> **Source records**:
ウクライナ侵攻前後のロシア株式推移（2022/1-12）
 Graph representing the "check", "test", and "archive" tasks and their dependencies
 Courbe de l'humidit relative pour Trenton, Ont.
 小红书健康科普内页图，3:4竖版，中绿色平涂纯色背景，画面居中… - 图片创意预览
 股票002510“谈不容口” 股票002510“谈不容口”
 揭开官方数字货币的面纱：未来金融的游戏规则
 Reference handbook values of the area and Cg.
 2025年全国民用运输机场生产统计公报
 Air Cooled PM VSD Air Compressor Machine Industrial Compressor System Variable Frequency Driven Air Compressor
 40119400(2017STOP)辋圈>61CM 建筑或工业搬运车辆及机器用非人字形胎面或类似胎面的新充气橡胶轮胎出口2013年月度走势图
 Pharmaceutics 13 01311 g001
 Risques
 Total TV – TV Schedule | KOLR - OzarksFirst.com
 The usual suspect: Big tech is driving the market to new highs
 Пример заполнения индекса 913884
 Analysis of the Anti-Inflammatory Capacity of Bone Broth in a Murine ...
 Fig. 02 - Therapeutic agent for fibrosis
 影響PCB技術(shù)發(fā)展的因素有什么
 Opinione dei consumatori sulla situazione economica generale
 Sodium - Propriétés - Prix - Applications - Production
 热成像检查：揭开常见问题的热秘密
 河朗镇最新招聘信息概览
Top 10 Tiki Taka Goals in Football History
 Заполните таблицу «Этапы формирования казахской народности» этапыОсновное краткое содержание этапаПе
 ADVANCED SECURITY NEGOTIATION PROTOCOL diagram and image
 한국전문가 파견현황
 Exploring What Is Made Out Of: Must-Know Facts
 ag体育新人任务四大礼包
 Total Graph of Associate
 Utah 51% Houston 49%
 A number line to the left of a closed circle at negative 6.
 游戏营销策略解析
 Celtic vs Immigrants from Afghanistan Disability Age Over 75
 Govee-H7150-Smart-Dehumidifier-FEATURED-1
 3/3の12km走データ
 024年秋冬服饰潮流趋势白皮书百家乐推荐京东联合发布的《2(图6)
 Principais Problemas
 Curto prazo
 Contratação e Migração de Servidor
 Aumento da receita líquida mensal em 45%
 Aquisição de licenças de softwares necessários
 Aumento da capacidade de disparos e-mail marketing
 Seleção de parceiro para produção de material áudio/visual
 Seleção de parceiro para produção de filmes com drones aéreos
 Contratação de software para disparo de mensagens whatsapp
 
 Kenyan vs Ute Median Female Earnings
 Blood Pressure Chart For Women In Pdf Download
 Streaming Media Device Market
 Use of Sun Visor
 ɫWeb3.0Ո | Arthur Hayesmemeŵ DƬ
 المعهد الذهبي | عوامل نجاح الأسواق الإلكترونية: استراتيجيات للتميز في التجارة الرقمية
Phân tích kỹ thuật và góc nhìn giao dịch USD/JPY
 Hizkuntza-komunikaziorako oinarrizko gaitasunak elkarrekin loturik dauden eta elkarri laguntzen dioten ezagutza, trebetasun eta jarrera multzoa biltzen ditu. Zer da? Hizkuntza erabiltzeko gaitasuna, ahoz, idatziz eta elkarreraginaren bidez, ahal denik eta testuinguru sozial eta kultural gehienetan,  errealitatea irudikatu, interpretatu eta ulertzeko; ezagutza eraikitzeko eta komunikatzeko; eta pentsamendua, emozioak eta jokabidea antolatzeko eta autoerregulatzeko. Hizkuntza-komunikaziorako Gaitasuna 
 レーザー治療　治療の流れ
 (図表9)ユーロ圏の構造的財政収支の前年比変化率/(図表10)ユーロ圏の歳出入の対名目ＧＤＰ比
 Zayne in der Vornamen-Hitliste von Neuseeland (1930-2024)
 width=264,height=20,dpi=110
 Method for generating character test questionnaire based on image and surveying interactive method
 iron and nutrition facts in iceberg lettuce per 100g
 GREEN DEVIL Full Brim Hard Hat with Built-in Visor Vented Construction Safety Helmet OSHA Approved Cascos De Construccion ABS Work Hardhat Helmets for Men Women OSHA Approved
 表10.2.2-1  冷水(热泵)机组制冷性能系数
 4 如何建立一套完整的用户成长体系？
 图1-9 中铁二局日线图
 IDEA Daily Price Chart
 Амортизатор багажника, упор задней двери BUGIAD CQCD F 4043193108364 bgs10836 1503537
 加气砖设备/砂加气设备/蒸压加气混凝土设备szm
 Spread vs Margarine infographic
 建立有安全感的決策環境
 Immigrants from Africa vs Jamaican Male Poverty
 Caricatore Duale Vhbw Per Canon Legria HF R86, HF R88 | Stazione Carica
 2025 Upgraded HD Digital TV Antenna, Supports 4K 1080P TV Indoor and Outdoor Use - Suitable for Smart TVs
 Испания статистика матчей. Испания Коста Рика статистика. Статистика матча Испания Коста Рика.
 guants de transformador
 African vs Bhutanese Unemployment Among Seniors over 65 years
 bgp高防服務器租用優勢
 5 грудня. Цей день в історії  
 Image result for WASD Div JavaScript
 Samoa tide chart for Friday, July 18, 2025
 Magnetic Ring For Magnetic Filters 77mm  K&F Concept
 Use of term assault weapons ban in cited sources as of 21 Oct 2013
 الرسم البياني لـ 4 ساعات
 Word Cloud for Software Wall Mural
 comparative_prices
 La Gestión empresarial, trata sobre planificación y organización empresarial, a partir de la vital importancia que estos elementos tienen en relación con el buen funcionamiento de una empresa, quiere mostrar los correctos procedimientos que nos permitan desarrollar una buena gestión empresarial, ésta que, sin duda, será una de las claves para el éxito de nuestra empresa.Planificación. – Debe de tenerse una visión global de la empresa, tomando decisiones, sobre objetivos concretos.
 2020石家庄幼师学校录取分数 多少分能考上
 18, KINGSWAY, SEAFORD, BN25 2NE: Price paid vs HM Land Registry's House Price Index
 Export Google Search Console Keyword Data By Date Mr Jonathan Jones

> **YOUR TASK**: Exact reproduction is required. Give the lines of the data from its first line through the line containing "Air Cooled PM", and no others.

> **EXERCISE OUTPUT**:
ウクライナ侵攻前後のロシア株式推移（2022/1-12）
 Graph representing the "check", "test", and "archive" tasks and their dependencies
 Courbe de l'humidit relative pour Trenton, Ont.
 小红书健康科普内页图，3:4竖版，中绿色平涂纯色背景，画面居中… - 图片创意预览
 股票002510“谈不容口” 股票002510“谈不容口”
 揭开官方数字货币的面纱：未来金融的游戏规则
 Reference handbook values of the area and Cg.
 2025年全国民用运输机场生产统计公报
 Air Cooled PM VSD Air Compressor Machine Industrial Compressor System Variable Frequency Driven Air Compressor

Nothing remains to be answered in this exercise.